La responsabilité de l'Etat et délai raisonnable de jugement devant le juge administratif, Partie II


L'appréciation des délais est pondérée par les circonstances particulières de l'affaire, caractèrisées au moyen de quatre critères :

  • La complexité de l'affaire en fait et/ ou en droit
  • Le comportement du requérant
  • Le comportement des autorités judiciaires et des autorités nationales
  • La nature et l'enjeu du litige pour l'intéressé

 

1°) Sur la complexité de l'affaire :

Les éléments reconnus par la Cour comme pouvant en attester sont de nature diverse.

  • le nombre de requérants.
  • le volume et la difficulté du dossier
  • la connexité.
  • les modalités d’administration de la preuve.
  • Le comportement des parties

Ils sont mis en balance avec le principe de bonne administration de la justice.

C.E.D.H., 1er août 2000, C.P. et autres c/ France, n°36009/97, §30 à 34

2°) Sur le comportement du requérant

Il doit, en principe, faire preuve d’une diligence normale au cours de la procédure. Il peut ainsi user, de manière légitime, des divers recours prévus par la législation interne. Par conséquent, la Cour estime qu’on ne peut reprocher au justiciable d'avoir introduit des demandes de dispense de frais de justice, de désignation d'un avocat commis d'office, de consultation du dossier ou encore d'avoir répondu aux conclusions des experts.
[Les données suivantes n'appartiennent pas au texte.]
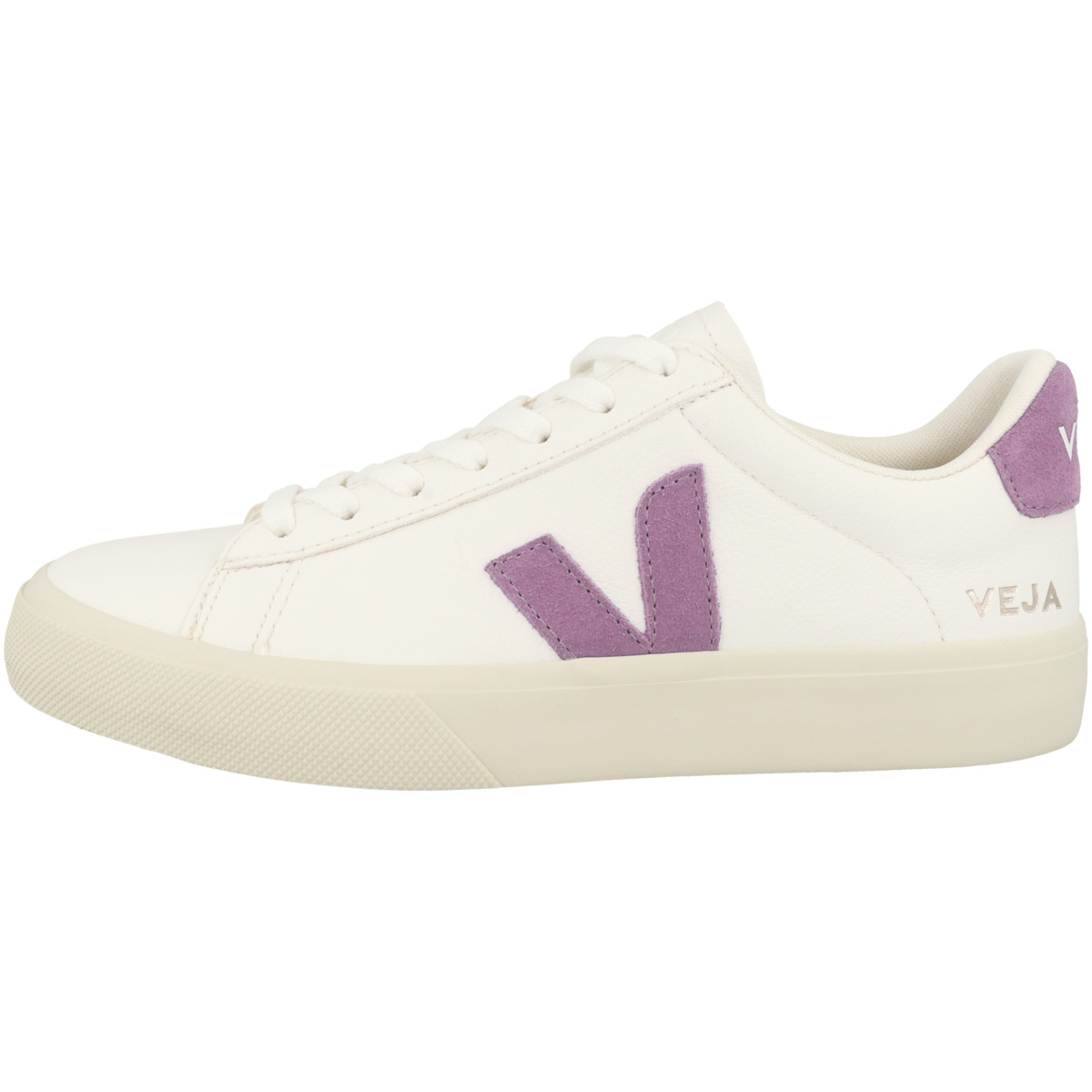 VEJA Campo Chromefree Leather Sneaker low weiss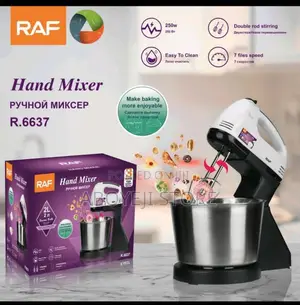 2L Raf Stand Mixer with Stainless Bowl (250W)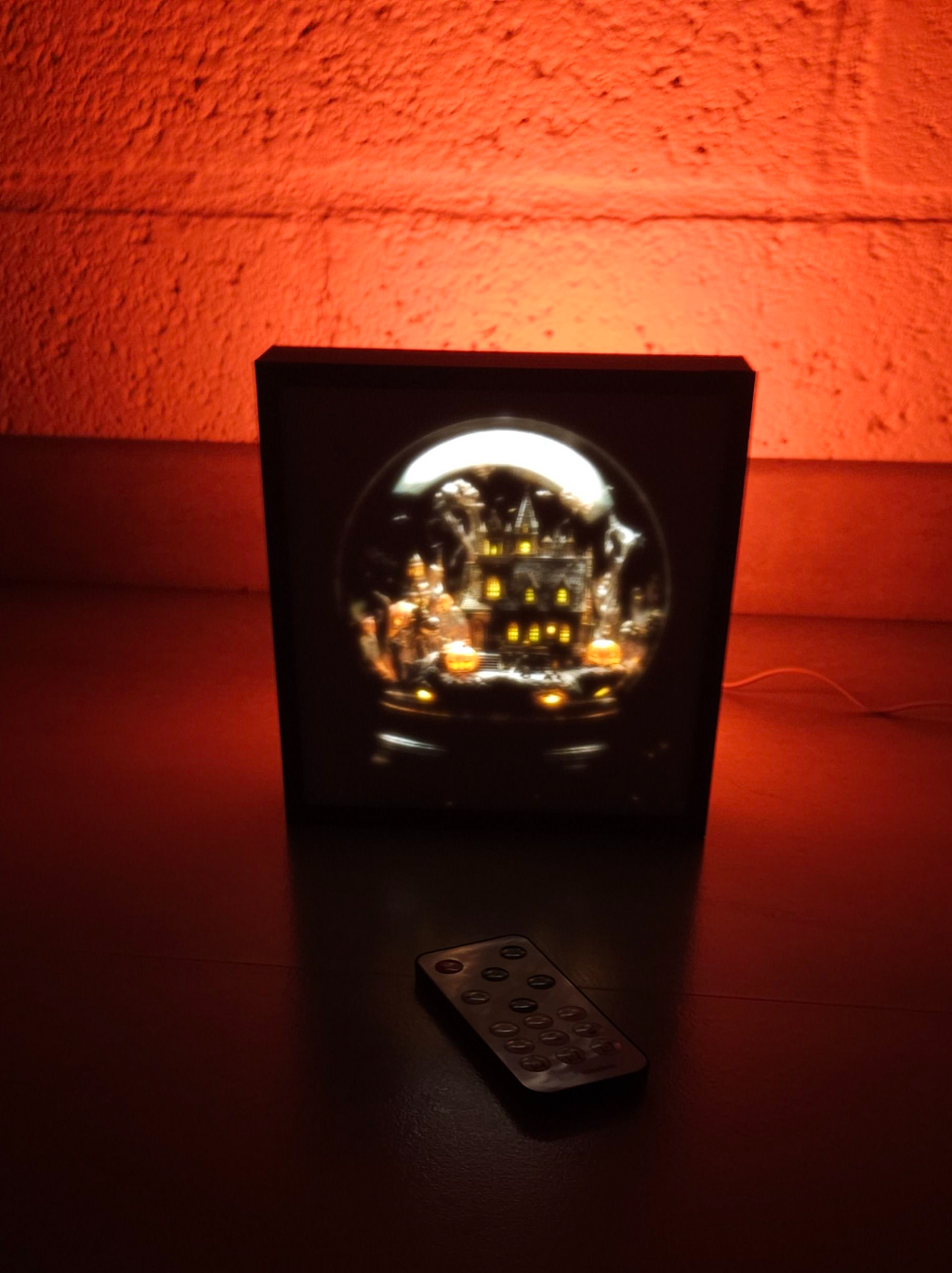 Lithophane Halloween Snow globe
En revanche, la Cour a pu considérer comme dilatoires, selon les circonstances de l’espèce, des conclusions tardives, une demande injustifiée de remise de l'affaire, l’absence de comparution du prévenu et de son conseil suivie d'une opposition, une absence lors des audiences, une demande d’audition ou d’expertise ou des demandes de récusation.

C.E.D.H., 28 novembre 2000, Leclercq c/ France, n°38398/97, §26 et 29-31

3°) Sur le comportement des autorités

La Cour rejette les justifications des Etats fondées sur une surcharge structurelle telle qu’un manque de magistrats, un sous-équipement, une organisation générale déficiente, le manque de moyens budgétaires, les difficultés de recrutement, la surcharge de travail, ceux-ci s’étant engagés, par leur adhésion à la Convention, à établir une organisation judiciaire qui réponde aux exigences de l'article 6.
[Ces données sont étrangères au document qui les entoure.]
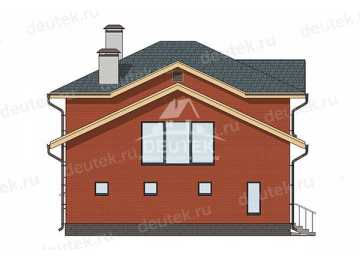 Проект загородного двухэтажного дома с одноместным гаражом и зимнем садом - LK-378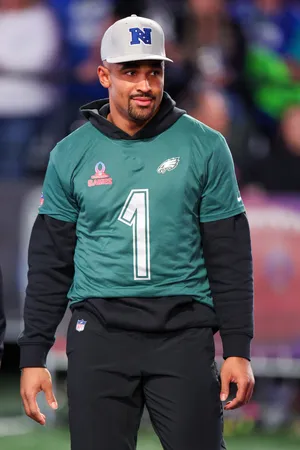Jalen Hurts Eagles Quarterback Casual Look Wallpaper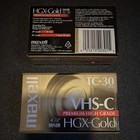 New  2  Maxell Tc-30 Vhs-c Hgxgold Camcorder Video Cassette Tape Vintage Sealed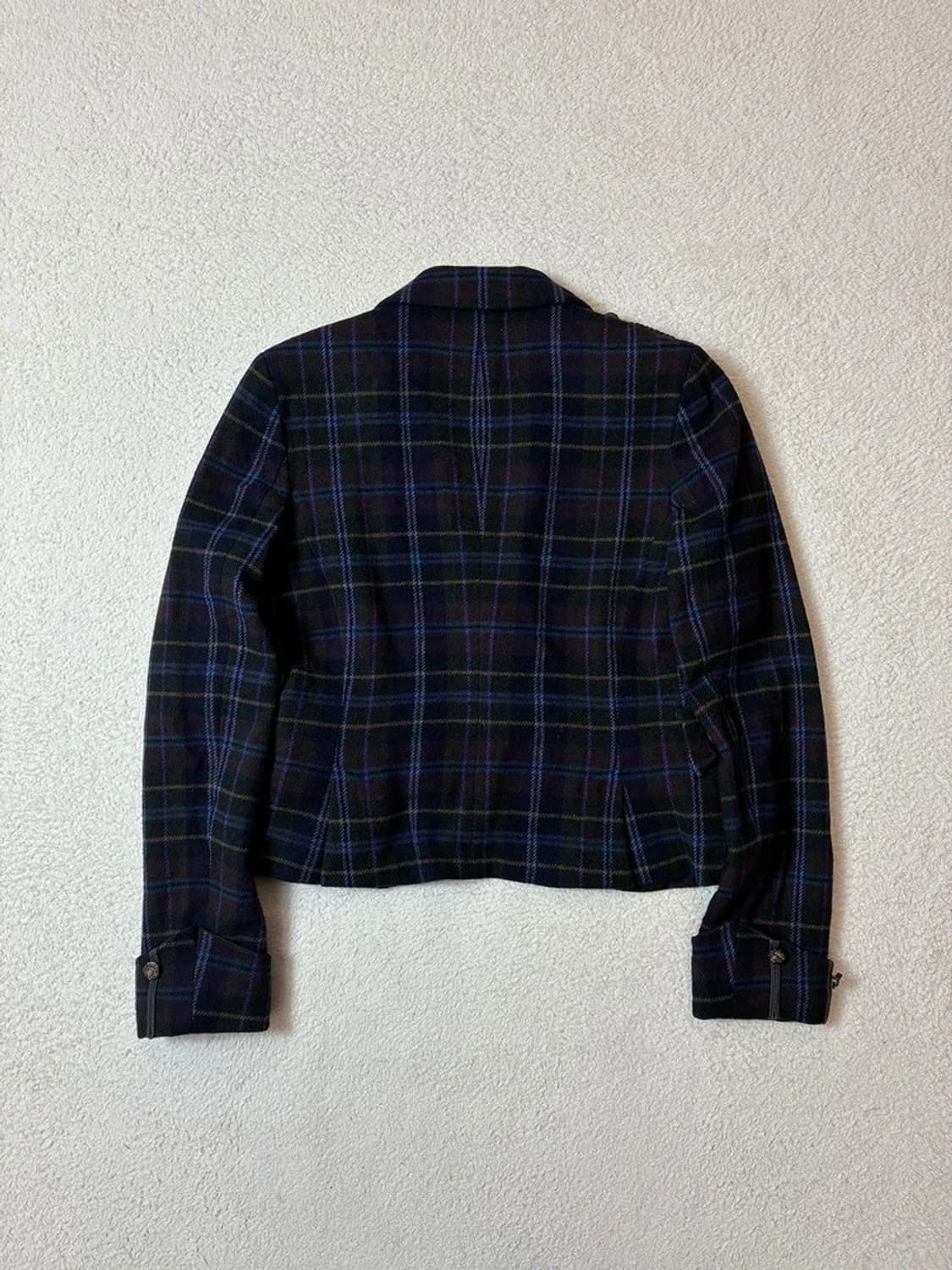 폴로 랄프로렌 00's 램스울 크롭 체크 블레이저 PN6875 상품이미지4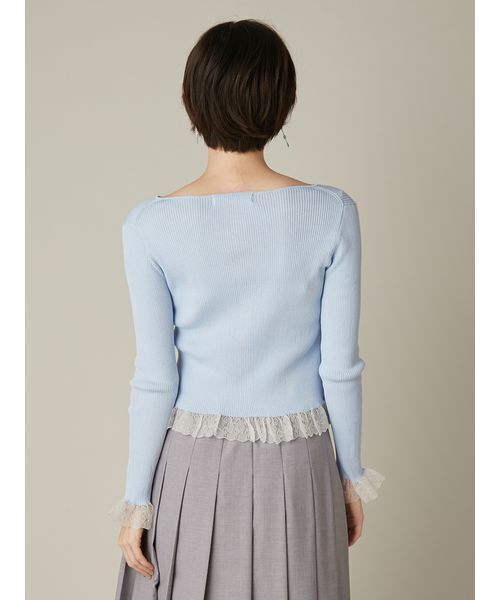 FURFUR(ファーファー)の「【UVカット】トリミングリブカーディガン【WEB限定カラー】(カーディガン/ボレロ・レディース・グレー/ブラック/サックスブルー/ホワイト/レッド・F)」の18枚目の写真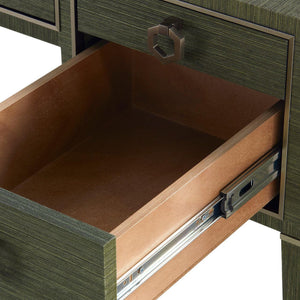 Morris Desk, Deep Olive-Blue Hand Home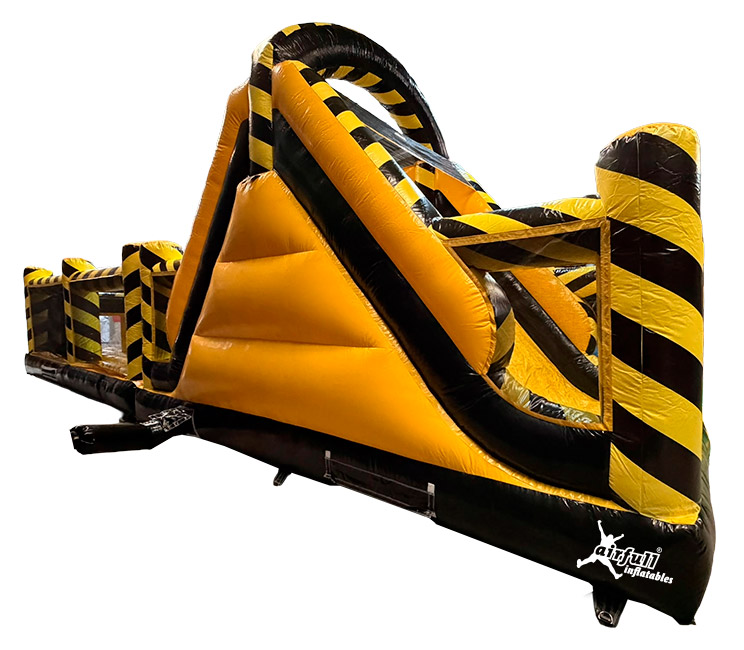 Black yellow obstacle course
L’Etat ne peut invoquer la complexité de l’organisation juridictionnelle pour justifier le caractère déraisonnable du délai du litige.
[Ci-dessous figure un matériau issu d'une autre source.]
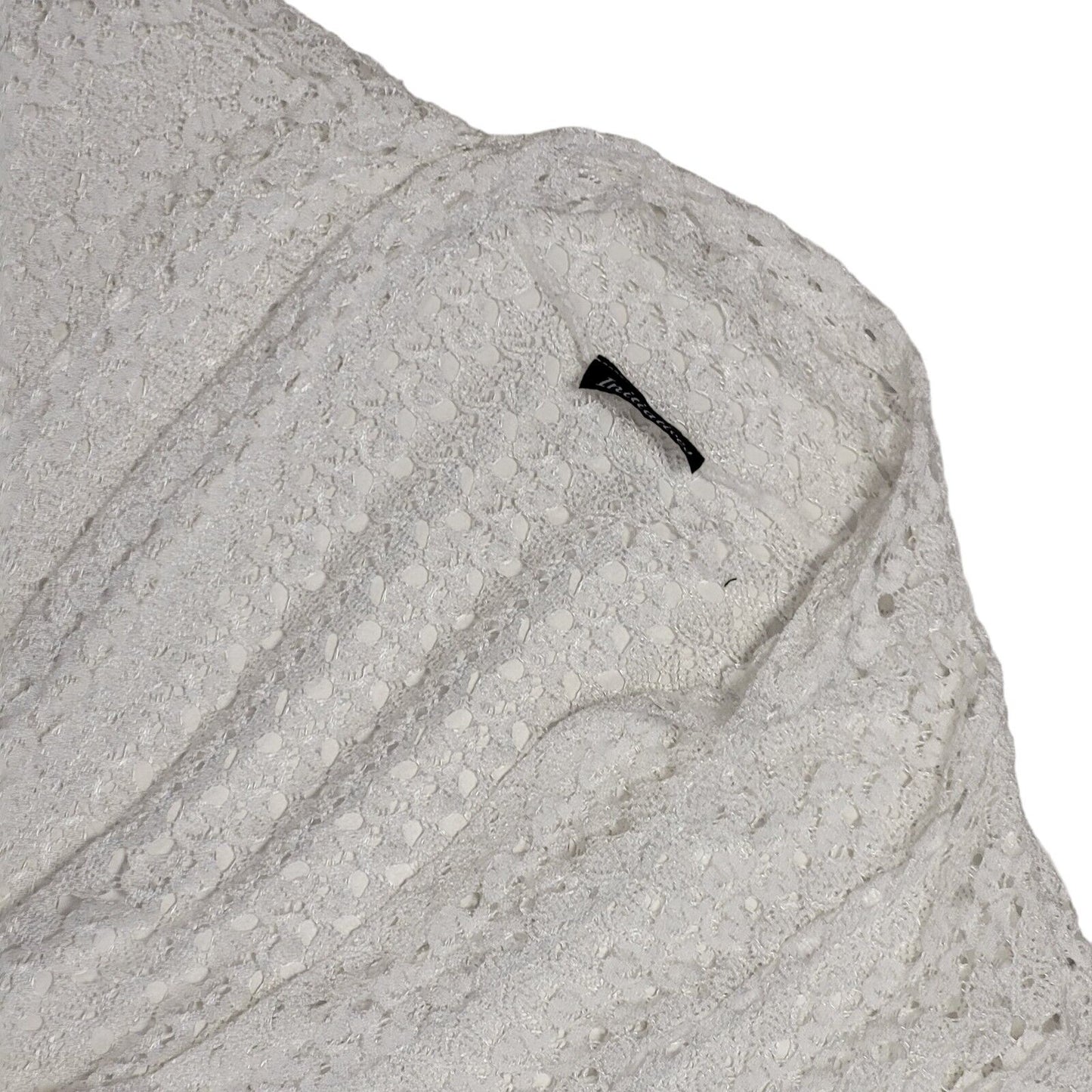 Initiatives White Vintage 90's Open Front Cardigan Uk Women's Size 16/18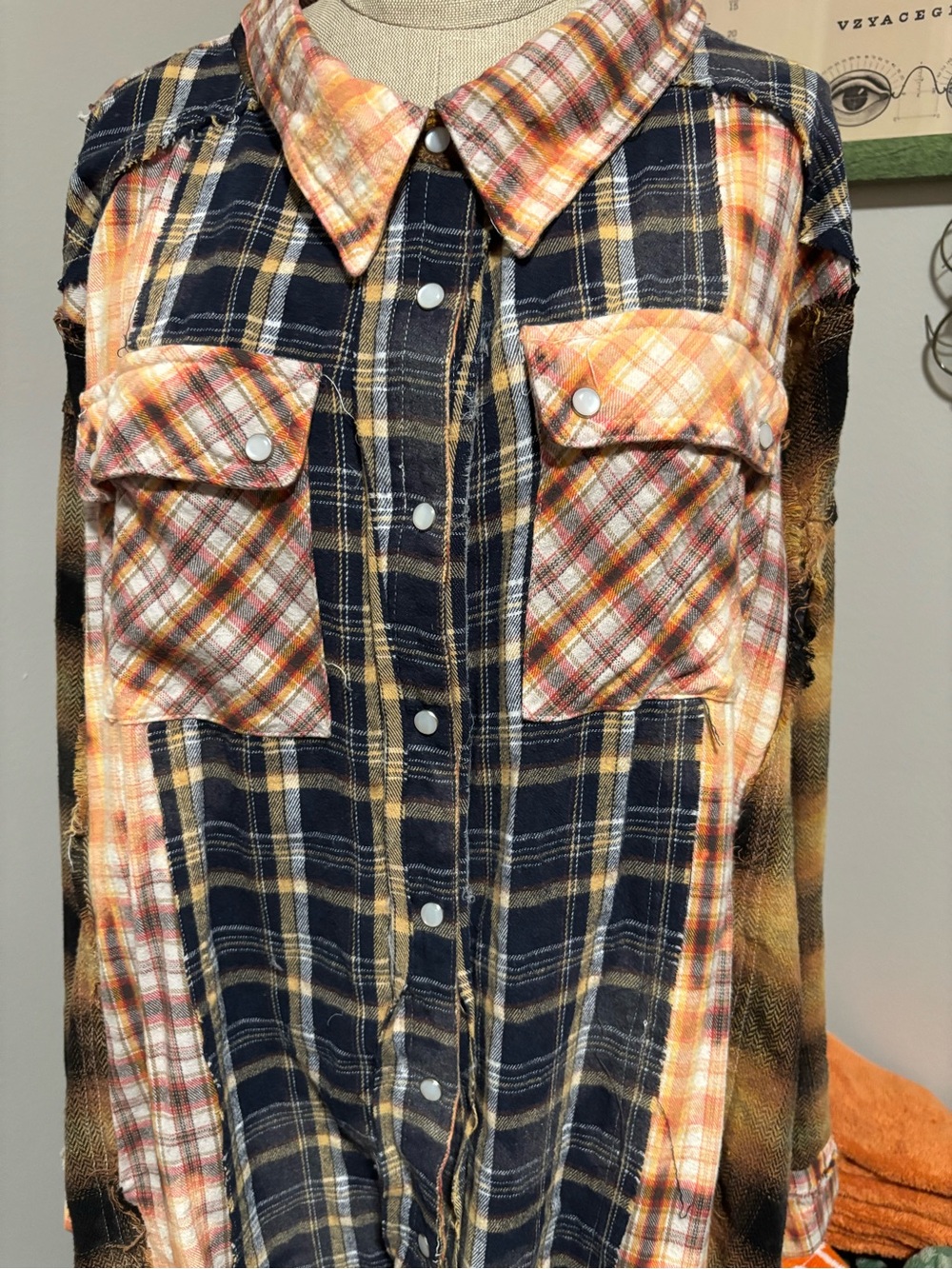 Shabby Chic Style Flannel Shirt - Picture 2 of 6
C.E.D.H., 19 juin 2001, A.A.U. c/ France, n°44451/98, §28 ;

C.E.D.H., 27 juin 2000, Frydlender c/ France, n°30979/96, § 45 ;

C.E.D.H., 4 juin 1999, Caillot c/ France, no36932/97, § 27.

Quant à l'argument tiré de l’encombrement du rôle, la Cour européenne a jugé une fois de plus qu'il ne saurait entrer en ligne de compte car l'article 6 § 1 oblige les Etats contractants à organiser leur système judiciaire de telle sorte que leurs juridictions puissent remplir chacune de ses exigences.

Tel est notamment le cas en matière de conflits du travail qui, portant sur des points qui sont d'une importance capitale pour la situation professionnelle d'une personne, doivent être résolus avec une célérité toute particulière.

C.E.D.H., 28 novembre 2000, Leclercq c/ France, n°38398/97, §28-31

C.E.D.H., 27 juin 2000, Frydlender c/ France, § 45.

 Une surcharge temporaire peut, en revanche, être tolérée à condition que l'Etat prenne immédiatement des mesures efficaces pour remédier à cette situation.

4°) La nature et l'enjeu du litige

Les autorités doivent déployer une diligence spéciale lorsque le requérant est particulièrement touché par un allongement du délai de jugement. Ce critère vise plus particulièrement la dignité du requérant.

La Cour fait jouer l’urgence particulièrement en matière de vie familiale, de vie professionnelle, de versement d'une indemnité à la suite de la résiliation d'un contrat, de mauvais état de santé du requérant.

Ainsi une célérité particulière s’impose lorsque la procédure risque d’être privée de tout effet utile du fait de l’espérance de vie réduite du requérant.